Причину провала следует искать не только в предательстве, но и в расследованиях, непрерывно проводимых царской полицией, которая искала лишь повода запугать население827. В 1839 г. в триумфальной докладной записке царю Бибиков указывал, что полиция проводит всестороннее расследование828. Он обвинял польское дворянство, считая его «полностью враждебным правительству», говорил о найденных воззваниях, революционных произведениях, о результатах допросов студентов, принадлежавших к организации «Вера, Надежда, Любовь», придирался даже к компаниям гуляк и повес – «балагурам» (которым он запретил собираться), кроме того, хвастался, что его агенты остановили деятельность бердичевского отделения Польского банка с центральной конторой в Варшаве, которое возглавлял крупный помещик Млодецкий, обвинявшийся в организации передачи денег для эмигрантов через Одессу и получавший оттуда инструкции. Сам Конарский, писал Бибиков, ездил в Одессу и привозил оттуда запрещенные книги. После ареста Конарского Секретная комиссия о тайных обществах, которая была создана лично Бибиковым и возглавленная его фактотумом Н.Э. Писаревым, смогла выявить все связи кружка Конарского829. Именно это разоблачение послужило поводом для всех принятых Бибиковым мер, о которых мы ведем речь с самого начала второй части книги. Бибиков указывал, что к этой «конспирации» не следует относиться как к чему-то временному – напротив, это не что иное, как проявление «изменнических козней неблагодарных и слабо наказанных за мятеж преступников». Именно поэтому независимо от сути самого «Союза польского люда» его разоблачение следует отнести к самым важным событиям в анализируемый период. Так или иначе, оно послужило оправданием всей политики царизма в 1840-х годах.
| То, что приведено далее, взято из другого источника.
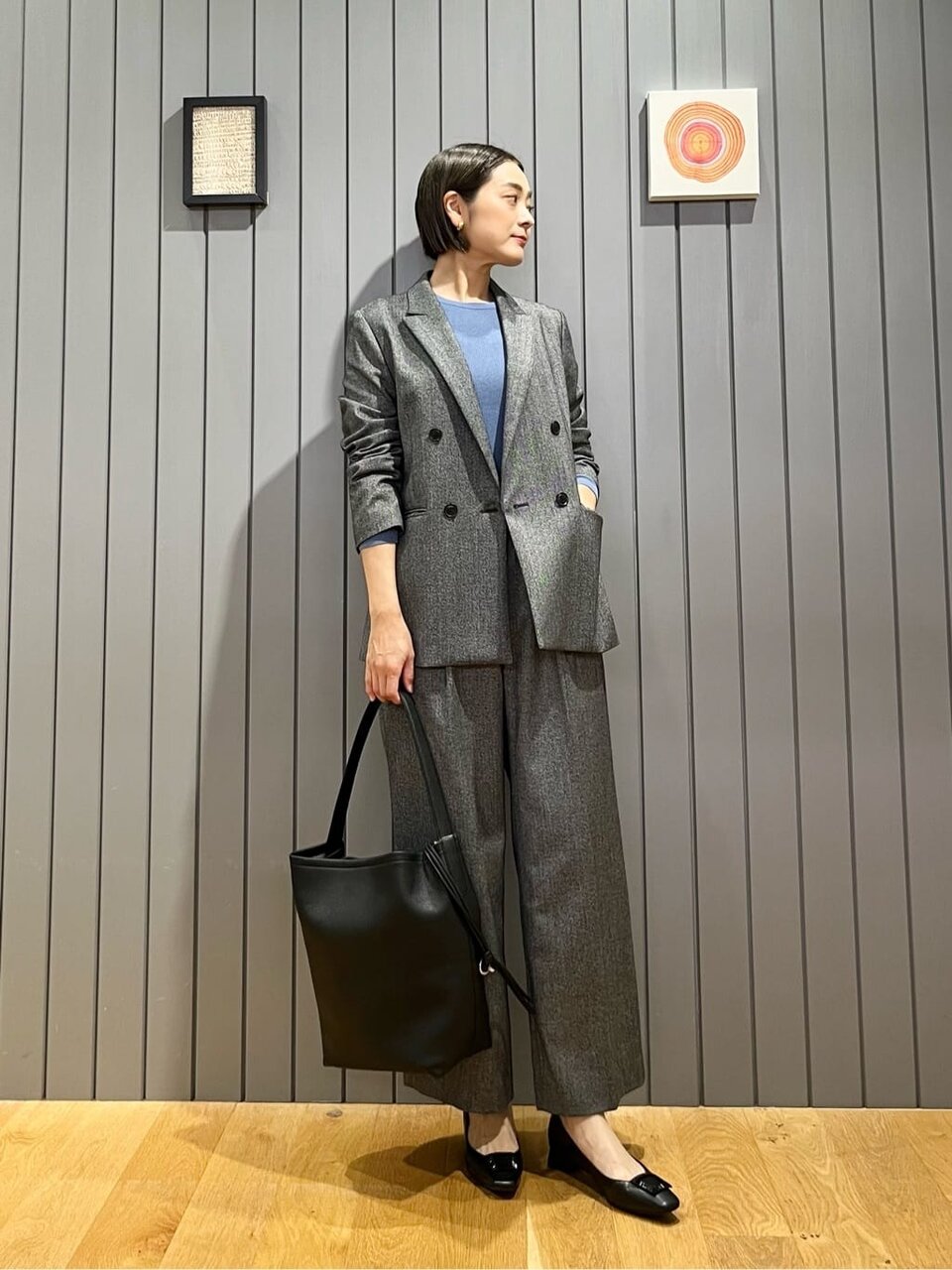 カーディガンとサックスブルーのプリーツスカートを着た女性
Согласно указу от 30 сентября 1838 г. имения тех, кого в российских документах неизменно называли «мятежниками», «преступниками» или «заговорщиками», подлежали конфискации. Этим должна была заниматься Ликвидационная комиссия, которая проводила конфискацию поместий в 1831 г. и существовала лишь в Волынской губернии. Повторился прежний сценарий: без установления меры вины налагались секвестры на большую часть имений, принадлежащих подозреваемым лицам, их родственникам и однофамильцам830.
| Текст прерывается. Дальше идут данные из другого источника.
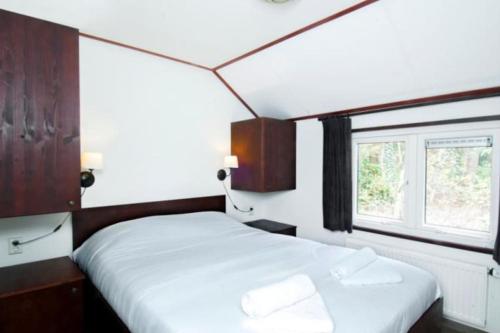 奥特罗Korhoen - 6p HeideBungalow met bedstee的一间卧室设有两张床和窗户。
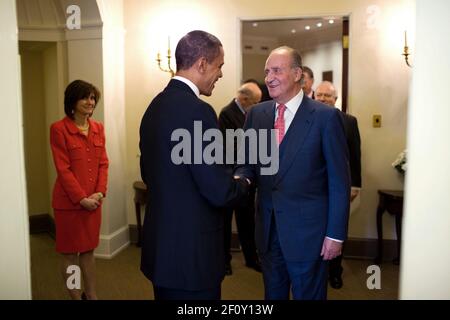 President Barack Obama welcomes King Juan Carlos I of Spain to the Oval Office before their lunch in the Private Dining Room of the White House, Feb. 17, 2010.  At left is Chief of Protocol Capricia Marshall Stock Photo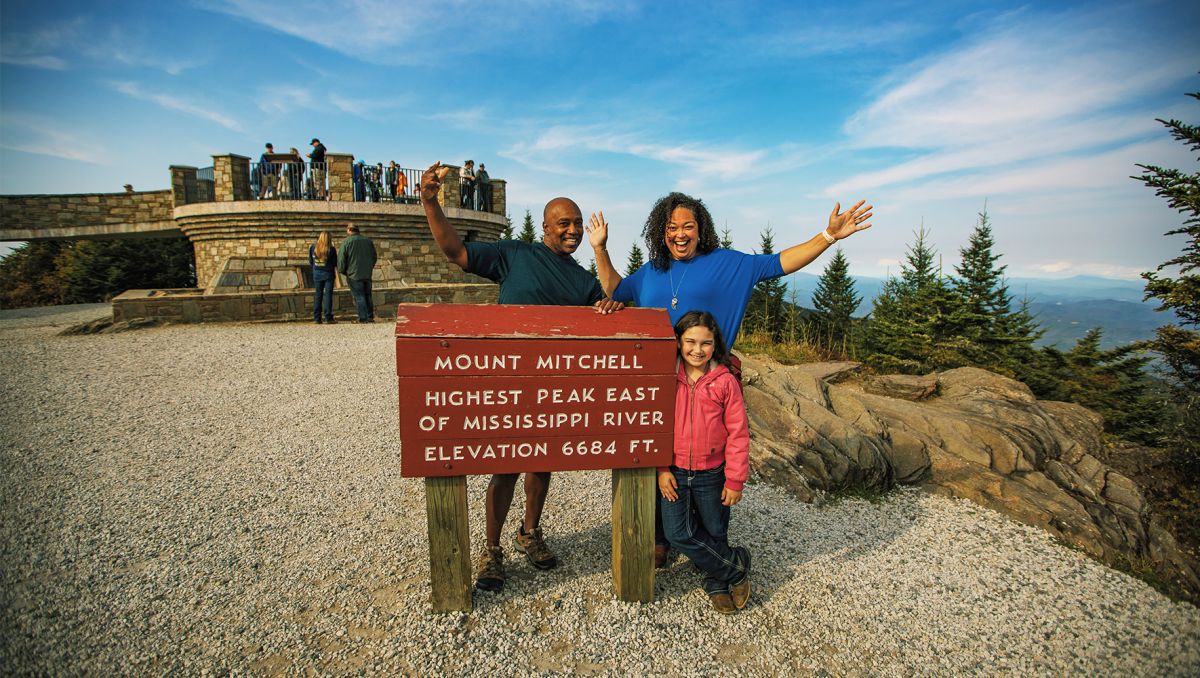 Family posing next to Mount Mitchell sign at the peak of the mountain
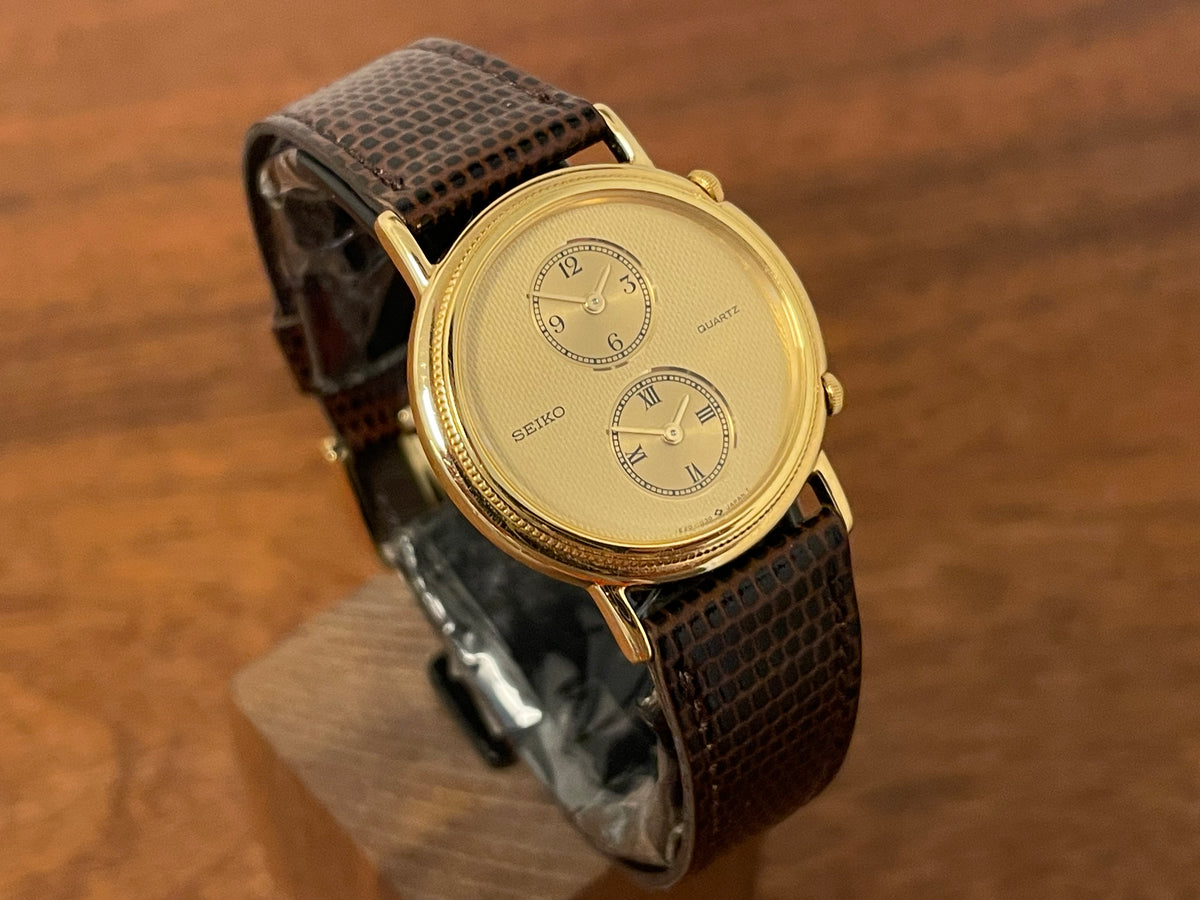 (1985) Seiko 1E20-0160 dual time dress watch - round case - gold textured dial w/ 2 subdials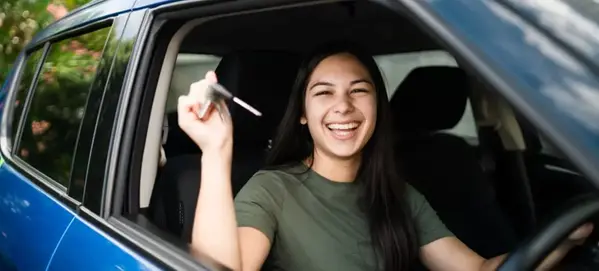 Glad tjej sitter i bilen med bilnyckel i handen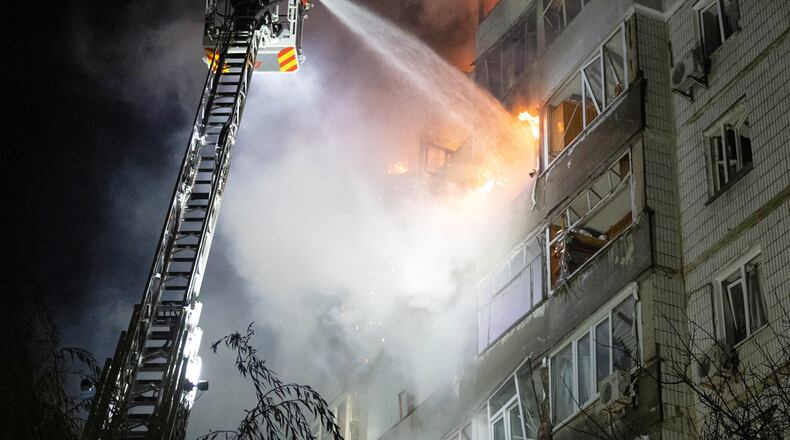 In this photo provided by the Ukrainian Emergency Service, emergency personnel work to extinguish a fire in Sumy, Ukraine, on Friday, Oct. 31, 2025, following Russian drone attacks. (Ukrainian Emergency Service via AP)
Алчность российской администрации росла, несмотря на отсутствие единого мнения о дальнейшем порядке действий. В записке на имя Николая I, которая 12 декабря 1838 г. рассматривалась на заседании Комитета западных губерний, подольский гражданский губернатор Лашкарев предлагал отдать в «ленное владение» российским отставным генералам или гражданским чиновникам того же ранга конфискованные имения, а также имения, конфискованные еще после 1831 г. Это было бы, как отмечалось в документе, «вернейшее средство к достижению главной цели Правительства – преобразования народного в том крае духа… Поселением в Подольской губернии значительного числа семейств Русских заслуженных дворян скорее можно бы было произвести совершенную перемену в нравах и обычаях сей страны издревле русской и положить более прочное основание приверженности народа ее к престолу. Люди сии, получив в награду имения за их усердную службу и чувствуя вполне столь щедрую монаршую милость, конечно, составили бы важный оплот противу всяких зловредных покушений и были бы бдительнейшей стражей спокойствия страны»831.